Perfectly timed for the approaching holiday season, the Ketchikan Arts & Humanities Council’s Winter Arts Faire showcases the creations of local artists, which make for great gifts. More than 80 artists exhibit their work here, so you could easily fill all of your holiday wish lists with local, handmade gifts.
Summers are busy in Ketchikan, with up to five cruise ships making port every day, but the locals also know how to play hard—especially at the huge Blueberry Arts Festival, hosted every August by the Ketchikan Arts and Humanities Council. In a town of 14,000, you’re likely to see as many as 8,000 people come out to this family-friendly event that celebrates the Southeast Alaskan blueberry.
With almost 30 years under its belt, the Ketchikan Wearable Arts Show is an event you don’t want to miss. Described as the “original runway performance,” this show has inspired imitations in neighboring communities and around the world. If you’d like to see a show that most clearly represents pure artistic talent, this is it.

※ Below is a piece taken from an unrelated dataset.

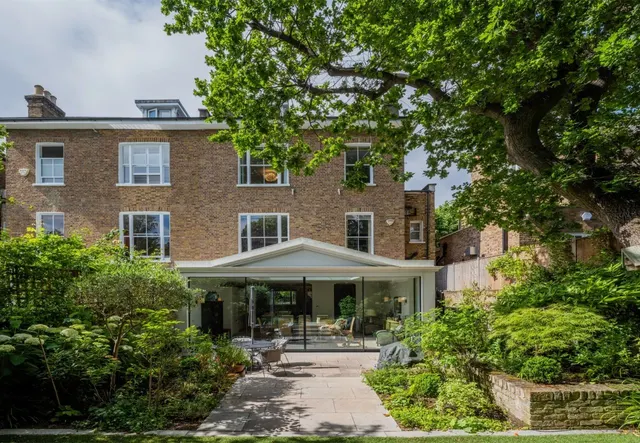 Springfield Road, St John's Wood, London, NW8 0QJ, photo 1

King salmon hit town just after the snow melts and people are ready for the sunny days of summer. With temps in the 60s and 70s for the first time in months, the whole place comes alive. The diehards are out weeks ahead of time to see where the Kings are. Volunteers help out at the weigh-in stations and give hourly updates to the radio station, which airs these along with fish-ladder reports.
The race course is an 8.2 mile circumnavigation of Pennock Island, making it one of the most unique – and one of the longest - open-water marathons. (Seasoned swimmers usually take between 3 and 4 hours to finish). Enter as a solo swimmer or as a 2- or 4-person relay, and there is a wetsuit category as well.